What’s it like working as a Marine Insurer?
Working in the oldest form of insurance, a career as a Marine Insurer is a career steeped in history. Traditionally encompassing the insurance of ships or their cargo against specified causes of loss or damage that might be encountered at sea, Marine Insurance now also covers the transit of cargo over land at each end of the voyage. The term ‘vessel’ has now also been extended to include ships under construction or repair and drilling rigs.
Marine Insurers take decisions on whether applications for insurance cover, known as risks, should be accepted, and if so, what the terms and conditions of that cover will be. Understanding the risks associated with cargo transit is vital to the efficient running of all the shipping business, and Marine Insurers provide an expert service on protection and insurance arrangements that the industry could ill-afford to be without.
What kind of work can I do?
Marine Insurers cover four main strands centering around the loss and damage of ship cargoes, terminals, ships and their property, namely Marine Hull Insurance, Marine Liability Insurance, Marine Cargo Insurance, and Offshore/Energy. To be able to make informed decisions on which cover to insure, Marine Insurers will examine documents to determine the degree of risk of the application. Risk factors can include the condition and value of the asset, and the financial standing of the applicant. From this information, the Marine Insurer will evaluate the possibility of losses.
The Marine Insurer will also need to assess the likelihood of a claim from reviewing detailed information on the potential policyholder. Post acceptance, Marine Insurers will work directly with clients to periodically review insurance applications to rate risks to determine continued coverage and pricing. They will also need to be well versed in current affairs to protect themselves against adverse conditions in the market.
Where can I work?
Marine Insurers are most often found in commercial direct insurance companies, the most famous of which are the Lloyd’s Syndicates. There are also positions to be found at protection & indemnity clubs, loss adjusting firms, reinsurance companies, and some shipping companies.

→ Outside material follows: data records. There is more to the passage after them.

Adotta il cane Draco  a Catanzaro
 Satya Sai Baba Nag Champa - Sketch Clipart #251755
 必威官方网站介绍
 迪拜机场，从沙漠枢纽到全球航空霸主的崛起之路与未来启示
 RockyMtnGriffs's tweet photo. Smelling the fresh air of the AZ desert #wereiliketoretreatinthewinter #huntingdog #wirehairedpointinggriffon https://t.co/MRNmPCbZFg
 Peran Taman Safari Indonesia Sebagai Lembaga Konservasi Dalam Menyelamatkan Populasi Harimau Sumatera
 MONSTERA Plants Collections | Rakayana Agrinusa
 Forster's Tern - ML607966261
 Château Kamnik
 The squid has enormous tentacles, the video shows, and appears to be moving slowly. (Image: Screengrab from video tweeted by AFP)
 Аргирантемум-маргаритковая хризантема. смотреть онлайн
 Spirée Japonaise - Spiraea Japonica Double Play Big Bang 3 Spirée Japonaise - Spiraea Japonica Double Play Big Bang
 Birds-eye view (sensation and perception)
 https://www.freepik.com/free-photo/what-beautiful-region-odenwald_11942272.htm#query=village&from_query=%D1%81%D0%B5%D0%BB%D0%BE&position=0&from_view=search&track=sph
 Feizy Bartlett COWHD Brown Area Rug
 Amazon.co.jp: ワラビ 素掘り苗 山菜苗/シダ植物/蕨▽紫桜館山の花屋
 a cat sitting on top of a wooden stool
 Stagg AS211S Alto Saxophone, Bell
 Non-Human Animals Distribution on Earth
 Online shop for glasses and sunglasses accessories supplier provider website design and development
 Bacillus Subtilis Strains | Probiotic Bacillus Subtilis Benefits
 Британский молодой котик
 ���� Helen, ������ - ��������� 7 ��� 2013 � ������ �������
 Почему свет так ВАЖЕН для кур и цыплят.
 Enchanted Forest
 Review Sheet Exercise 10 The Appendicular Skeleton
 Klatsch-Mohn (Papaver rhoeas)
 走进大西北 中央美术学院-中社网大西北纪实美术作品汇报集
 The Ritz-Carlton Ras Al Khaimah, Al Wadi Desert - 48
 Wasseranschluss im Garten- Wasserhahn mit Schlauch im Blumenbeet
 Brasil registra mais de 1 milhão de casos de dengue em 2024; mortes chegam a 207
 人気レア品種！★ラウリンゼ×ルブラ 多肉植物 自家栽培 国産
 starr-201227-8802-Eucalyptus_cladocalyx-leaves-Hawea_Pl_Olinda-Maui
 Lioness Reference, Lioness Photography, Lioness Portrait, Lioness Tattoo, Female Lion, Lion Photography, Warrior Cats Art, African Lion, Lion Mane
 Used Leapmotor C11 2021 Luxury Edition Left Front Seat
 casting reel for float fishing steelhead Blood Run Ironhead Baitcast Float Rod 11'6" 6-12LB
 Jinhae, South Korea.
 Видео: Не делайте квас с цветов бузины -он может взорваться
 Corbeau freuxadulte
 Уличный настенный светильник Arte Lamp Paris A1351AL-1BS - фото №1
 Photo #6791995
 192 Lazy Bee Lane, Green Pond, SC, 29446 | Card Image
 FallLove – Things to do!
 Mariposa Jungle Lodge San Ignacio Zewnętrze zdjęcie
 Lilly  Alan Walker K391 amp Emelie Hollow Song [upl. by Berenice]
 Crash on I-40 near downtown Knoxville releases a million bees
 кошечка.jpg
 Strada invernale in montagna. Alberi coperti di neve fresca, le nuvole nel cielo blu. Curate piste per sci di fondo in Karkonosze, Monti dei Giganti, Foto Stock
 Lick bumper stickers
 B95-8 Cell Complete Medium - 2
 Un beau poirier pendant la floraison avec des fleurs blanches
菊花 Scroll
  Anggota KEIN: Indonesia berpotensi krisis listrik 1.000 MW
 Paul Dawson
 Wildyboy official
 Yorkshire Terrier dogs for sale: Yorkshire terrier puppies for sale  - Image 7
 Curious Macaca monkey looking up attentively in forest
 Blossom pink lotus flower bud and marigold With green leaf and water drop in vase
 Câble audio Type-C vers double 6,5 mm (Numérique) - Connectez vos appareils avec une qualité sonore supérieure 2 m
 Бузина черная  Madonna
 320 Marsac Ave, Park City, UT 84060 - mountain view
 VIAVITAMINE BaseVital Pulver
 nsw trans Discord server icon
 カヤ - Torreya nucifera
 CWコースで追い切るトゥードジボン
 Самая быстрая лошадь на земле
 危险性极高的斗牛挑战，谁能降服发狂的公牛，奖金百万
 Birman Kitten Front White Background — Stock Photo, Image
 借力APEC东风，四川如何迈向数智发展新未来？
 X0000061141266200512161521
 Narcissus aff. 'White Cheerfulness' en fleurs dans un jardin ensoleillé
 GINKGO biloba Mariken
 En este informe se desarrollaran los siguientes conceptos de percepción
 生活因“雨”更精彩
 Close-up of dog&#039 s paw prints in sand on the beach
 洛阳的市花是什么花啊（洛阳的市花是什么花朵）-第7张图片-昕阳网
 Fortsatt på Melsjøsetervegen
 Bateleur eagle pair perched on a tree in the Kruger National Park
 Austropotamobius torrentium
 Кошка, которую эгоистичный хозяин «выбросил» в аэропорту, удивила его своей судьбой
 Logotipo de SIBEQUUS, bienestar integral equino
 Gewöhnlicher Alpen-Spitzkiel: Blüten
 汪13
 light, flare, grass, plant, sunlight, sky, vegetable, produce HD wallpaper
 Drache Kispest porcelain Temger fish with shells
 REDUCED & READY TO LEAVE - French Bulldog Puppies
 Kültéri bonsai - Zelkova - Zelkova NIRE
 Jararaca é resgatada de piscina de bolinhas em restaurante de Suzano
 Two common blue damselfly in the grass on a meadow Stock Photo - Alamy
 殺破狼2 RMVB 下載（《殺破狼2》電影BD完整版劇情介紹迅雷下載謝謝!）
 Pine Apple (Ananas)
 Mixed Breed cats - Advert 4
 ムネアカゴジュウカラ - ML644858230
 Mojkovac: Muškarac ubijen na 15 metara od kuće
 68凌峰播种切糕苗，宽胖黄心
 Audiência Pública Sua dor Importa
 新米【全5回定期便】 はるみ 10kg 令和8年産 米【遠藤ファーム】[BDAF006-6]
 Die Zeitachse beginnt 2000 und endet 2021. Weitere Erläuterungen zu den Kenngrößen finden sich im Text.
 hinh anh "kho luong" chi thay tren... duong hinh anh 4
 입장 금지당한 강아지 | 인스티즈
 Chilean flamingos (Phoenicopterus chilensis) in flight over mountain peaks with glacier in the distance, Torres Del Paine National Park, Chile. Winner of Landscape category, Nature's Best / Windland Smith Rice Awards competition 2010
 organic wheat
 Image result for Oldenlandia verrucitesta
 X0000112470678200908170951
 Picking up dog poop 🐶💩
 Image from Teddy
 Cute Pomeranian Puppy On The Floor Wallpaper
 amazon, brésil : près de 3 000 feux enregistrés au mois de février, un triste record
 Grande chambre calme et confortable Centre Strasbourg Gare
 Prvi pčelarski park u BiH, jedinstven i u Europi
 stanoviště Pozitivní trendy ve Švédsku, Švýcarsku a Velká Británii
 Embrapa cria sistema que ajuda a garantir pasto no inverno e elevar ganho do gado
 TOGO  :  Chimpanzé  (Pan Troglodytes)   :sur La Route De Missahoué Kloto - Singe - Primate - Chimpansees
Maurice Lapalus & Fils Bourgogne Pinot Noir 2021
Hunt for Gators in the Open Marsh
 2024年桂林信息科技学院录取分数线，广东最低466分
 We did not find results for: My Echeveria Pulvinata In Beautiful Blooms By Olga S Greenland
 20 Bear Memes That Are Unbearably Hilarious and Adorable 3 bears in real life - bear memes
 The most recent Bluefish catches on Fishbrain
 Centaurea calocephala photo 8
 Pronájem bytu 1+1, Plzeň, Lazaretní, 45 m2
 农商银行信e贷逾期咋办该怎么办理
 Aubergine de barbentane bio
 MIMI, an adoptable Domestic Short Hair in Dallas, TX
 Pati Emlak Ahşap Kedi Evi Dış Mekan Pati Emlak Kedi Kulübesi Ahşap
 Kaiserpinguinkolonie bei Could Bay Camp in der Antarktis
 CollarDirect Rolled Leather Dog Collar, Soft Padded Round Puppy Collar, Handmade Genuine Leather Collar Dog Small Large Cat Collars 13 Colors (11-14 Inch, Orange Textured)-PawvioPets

Insurance is a large expense for ship owners and they will ‘shop around’ for the most comprehensive cover at the most cost effective price. In that respect, there is also demand for experienced Marine Insurers as advisers on insurance matters, and they can often provide solutions to a range of problems, such as war and strikes risks, stock throughput, terrorism and political exposures, trade disruption, and marine business interruption.
Marine Insurers provide cover for the perils that the shipping industry faces every day, and allow continued trading should disaster strike.
How big is this sector?
Marine Insurers are a core part of the marine insurance market, and bring expertise and experience to the sector. However, insurers face stiff competition from other service providers, as well as from the internet. When assessing and accepting risks, there is a fine line between being too conservative – which may push business away – and too liberal – where the insurance company could be crippled by excessive claims pay-out.